Raw data:
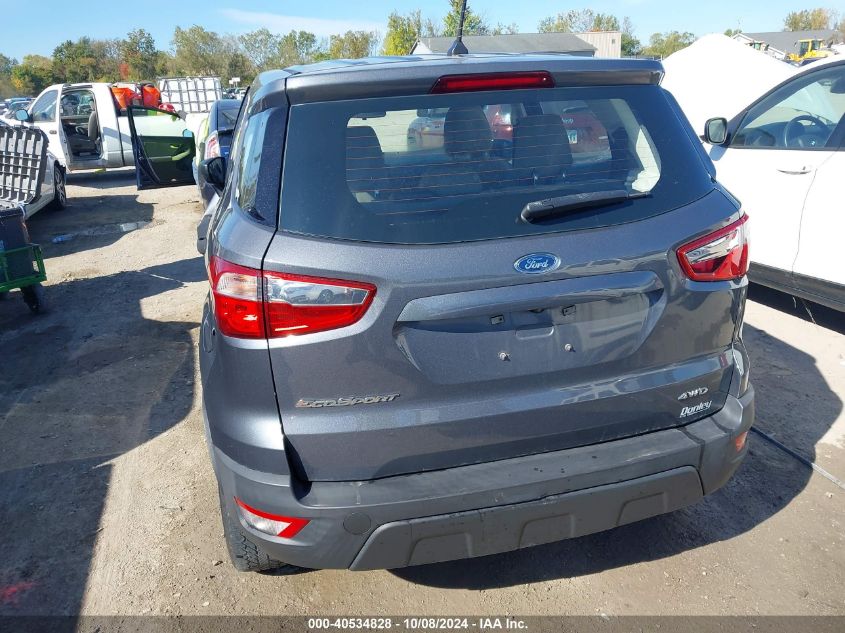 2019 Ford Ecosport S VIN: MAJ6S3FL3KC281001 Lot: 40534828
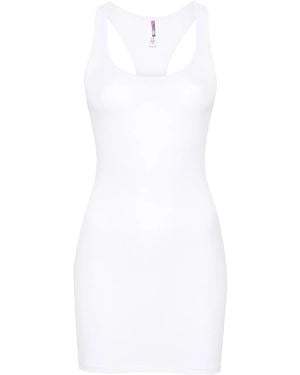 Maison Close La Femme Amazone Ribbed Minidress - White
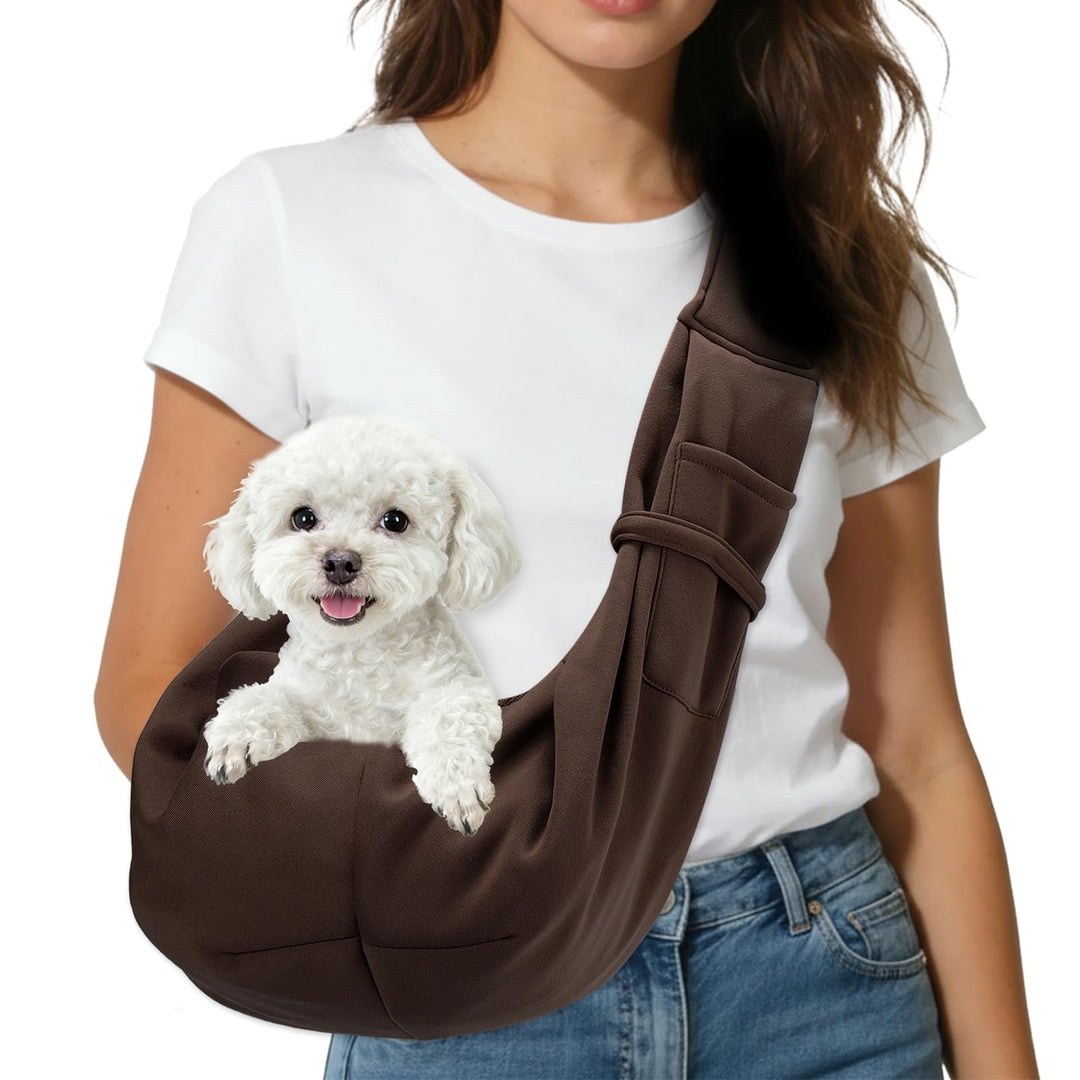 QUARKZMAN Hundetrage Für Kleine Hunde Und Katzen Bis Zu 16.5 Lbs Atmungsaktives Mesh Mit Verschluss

Exercise:
Restate the whole listing above exactly, please, omitting every image.

Answer to this task:
 2019 Ford Ecosport S VIN: MAJ6S3FL3KC281001 Lot: 40534828
 Maison Close La Femme Amazone Ribbed Minidress - White
 QUARKZMAN Hundetrage Für Kleine Hunde Und Katzen Bis Zu 16.5 Lbs Atmungsaktives Mesh Mit Verschluss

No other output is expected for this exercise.